Not classified since no mortality or significant clinical signs observed at 2000 mg/kg

The oral LD50 of Dabco NE1550 Catalyst is greater than 2000 mg/kg of body weight in rats and

is not classified according to GHS.

Endpoint conclusion
Endpoint conclusion:
adverse effect observed
Dose descriptor:
LD50
Value:
2 000 mg/kg bw
Quality of whole database:
Guideline study. This study was conducted in accordance with the Good Laboratory Practices regulations of the EPA, 40 CFR Part 160 and 792, the FDA, 21 CFR Part 58, and OECD, Principles on Good Laboratory Practice, revised 1997.

Additional information

There is no data gap.

According to the UN Globally Harmonized System of Classification and Labelling of Chemicals (GHS) Part 3 Chapter 3.1 no classification required, since this substance does not cause concern of acute toxicity.

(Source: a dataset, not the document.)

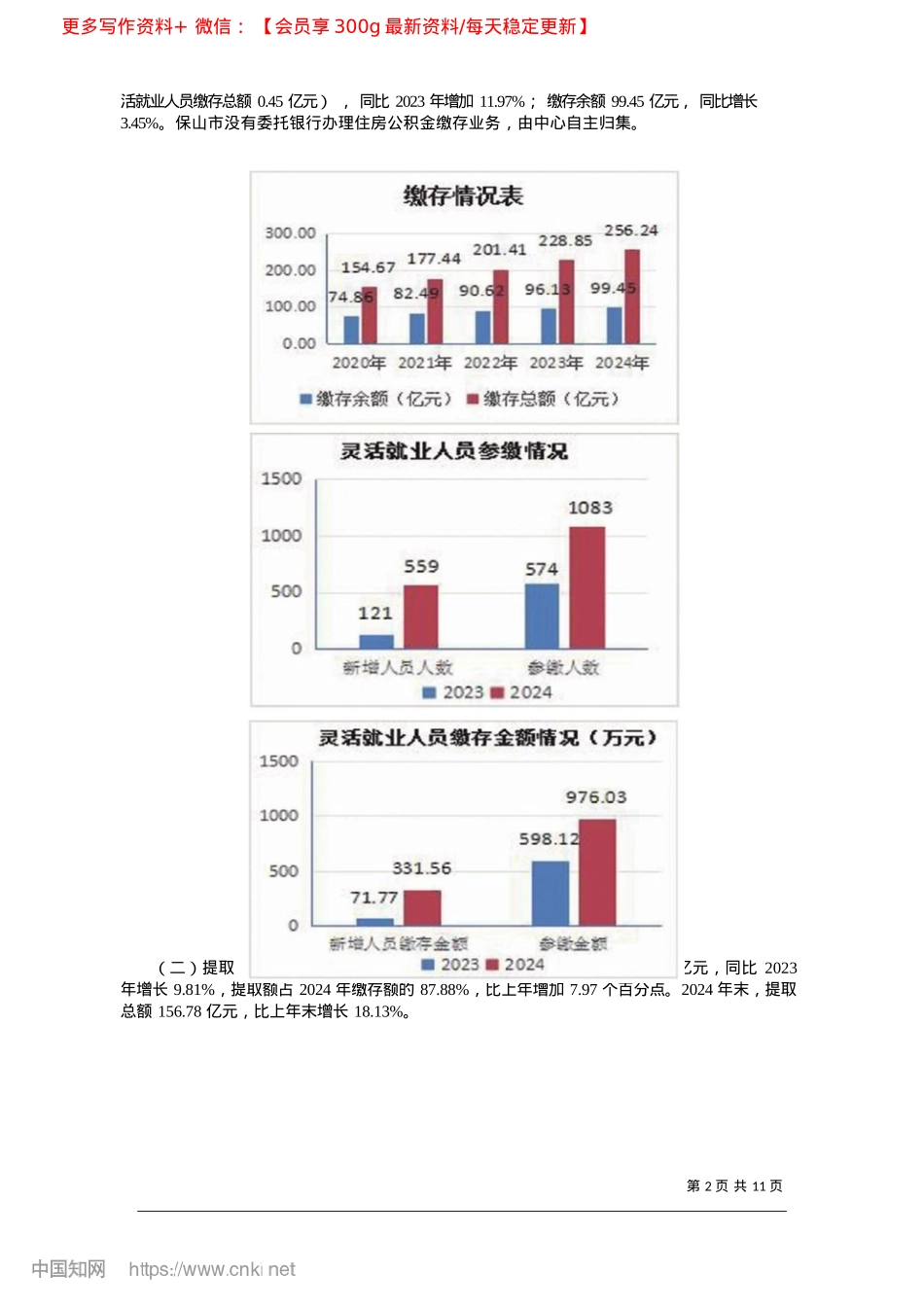 2025.04保山市住房公积金2024年年度报告_保山市住房公积金管理中心.docx_第2页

Justification for selection of acute toxicity – oral endpoint
Only one study available.
This study contains data which meets the criteria set forth in Regulation EC No. 440/2008 for filling REACH endpoints. The data is generated in a reliable laboratory using established protocols.

Justification for classification or non-classification

According to the UN Globally Harmonized System of Classification and Labelling of Chemicals (GHS) Part 3 Chapter 3.1 no classification required, since this substance does not cause concern of acute toxicity.